- Interactive map of Čingi-Lingi
- Čingi-Lingi
- Coordinates: 46°08′11″N 17°03′14″E﻿ / ﻿46.13639°N 17.05389°E
- Country: Croatia
- County: Koprivnica-Križevci
- Municipality: Molve

Area
- • Total: 0.6 km^{2} (0.23 sq mi)

Population (2021)
- • Total: 19
- • Density: 32/km^{2} (82/sq mi)
- Time zone: UTC+1 (CET)
- • Summer (DST): UTC+2 (CEST)
- Postal code: 48350 Đurđevac
- Area code: +385 (0)48

= Čingi-Lingi =

Čingi-Lingi is a village in the Municipality of Molve, Croatia. In the 2021 census, it had 19 permanent residents.

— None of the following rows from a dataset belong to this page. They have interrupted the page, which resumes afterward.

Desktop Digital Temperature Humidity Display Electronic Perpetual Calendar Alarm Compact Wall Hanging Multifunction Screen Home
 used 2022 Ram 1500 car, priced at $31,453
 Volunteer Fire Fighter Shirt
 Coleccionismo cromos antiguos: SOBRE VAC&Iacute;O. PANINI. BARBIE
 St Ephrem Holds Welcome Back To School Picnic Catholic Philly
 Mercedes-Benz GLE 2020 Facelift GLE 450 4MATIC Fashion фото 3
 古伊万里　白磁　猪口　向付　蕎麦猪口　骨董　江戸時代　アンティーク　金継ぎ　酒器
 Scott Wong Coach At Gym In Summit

It is located in a natural environment along the Drava River and is the main tourist destination of the Municipality and the entire surrounding area.

==History==
The village was named after the nearby lake which got its name from the Čingi Lingi Čarda, a restaurant near Osijek.

There used to be a canal on the river Drava here, with two watermills. The canal was later filled in, and gravel began to be excavated nearby, which people would transport in carts with horse or cow teams. Over the years, more and more gravel was excavated and the lake became larger, and the name Čingi Lingi spread among swimmers and residents of the surrounding villages. The first resident by the lake was the barber Pero Glavanović, who lived there in a wooden shack, but residents of Bjelovar, Molve and Koprivnica also came to the lake in increasing numbers. They began to build weekend houses, but today there are more and more residents who live here permanently.

The settlement of Čingi Lingi was established next to one of the three lakes and is certainly one of the youngest in the county. Today, there are 186 houses in the settlement and in addition to electricity and public lighting, the settlement has gas and water supply.

==Demographics==

In 2021, the settlement had 19 residents of which 9 were men and 10 were women.